• EXERCISE DETAILS: Starting at the line below that contains "Inside the Canadian" and ending at the line that contains "شقة - غرفة نوم", retype each line exactly as it stands, but omit the pictures.

• RECORDS FOR THIS EXERCISE:
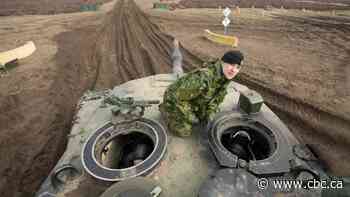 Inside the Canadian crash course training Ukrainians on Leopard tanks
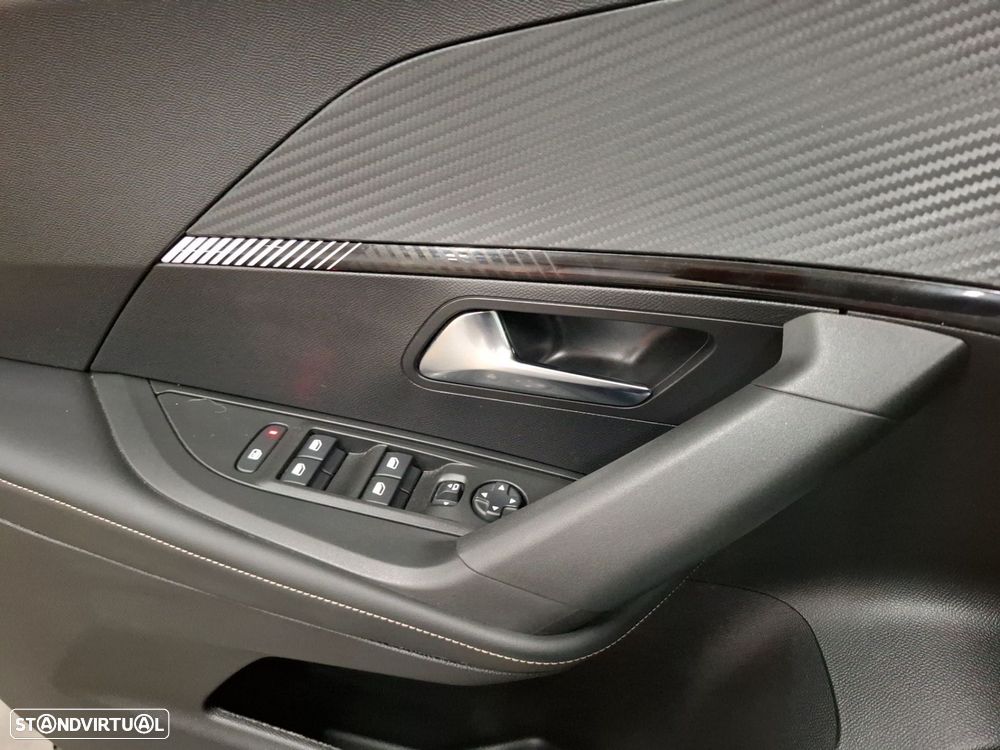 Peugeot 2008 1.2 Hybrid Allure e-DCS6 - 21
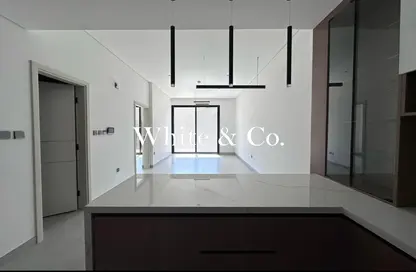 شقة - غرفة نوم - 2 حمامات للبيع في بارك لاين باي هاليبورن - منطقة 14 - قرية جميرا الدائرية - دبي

...

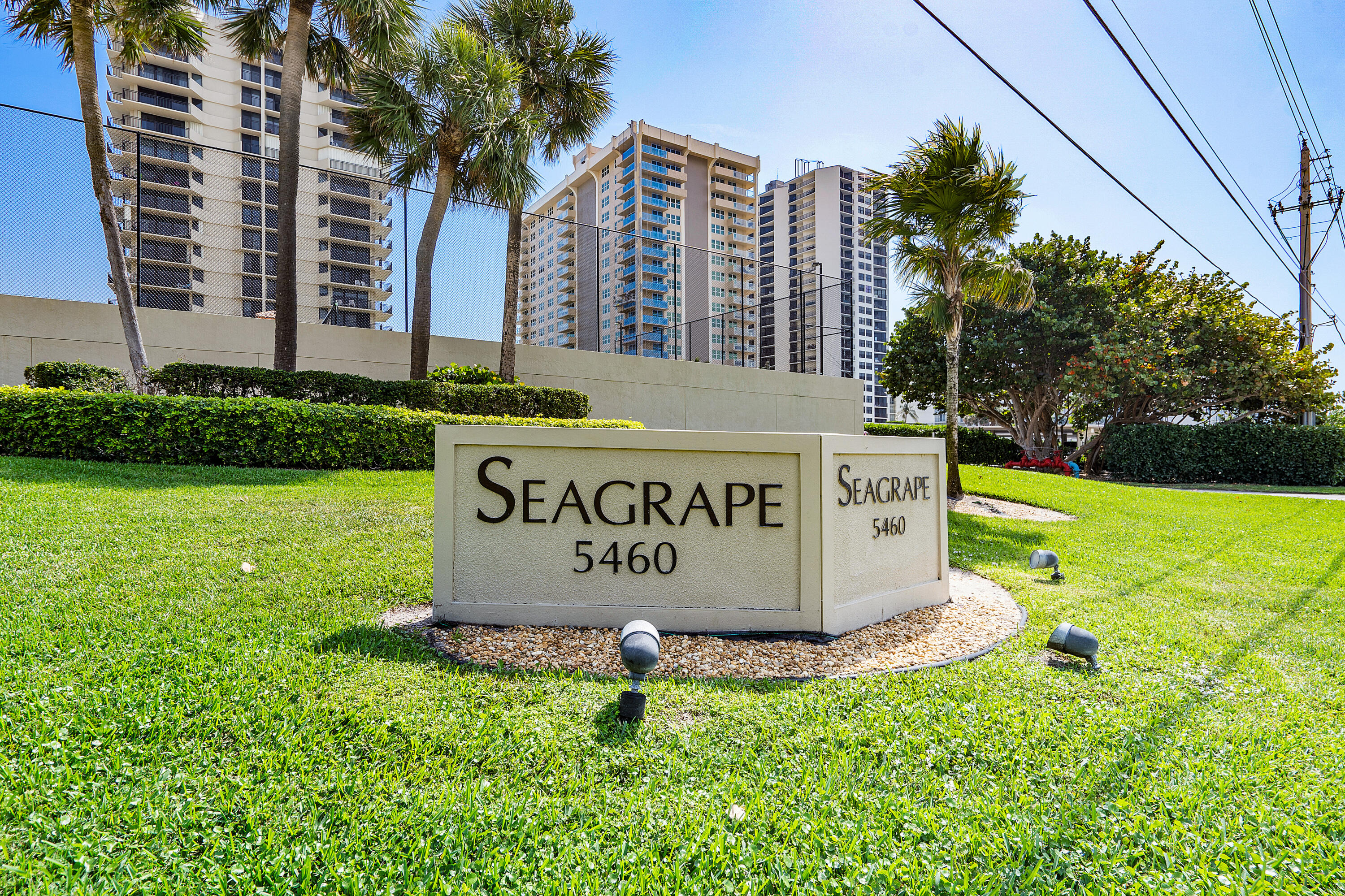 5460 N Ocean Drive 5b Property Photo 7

• REPLY:
 Inside the Canadian crash course training Ukrainians on Leopard tanks
 Peugeot 2008 1.2 Hybrid Allure e-DCS6 - 21
 شقة - غرفة نوم - 2 حمامات للبيع في بارك لاين باي هاليبورن - منطقة 14 - قرية جميرا الدائرية - دبي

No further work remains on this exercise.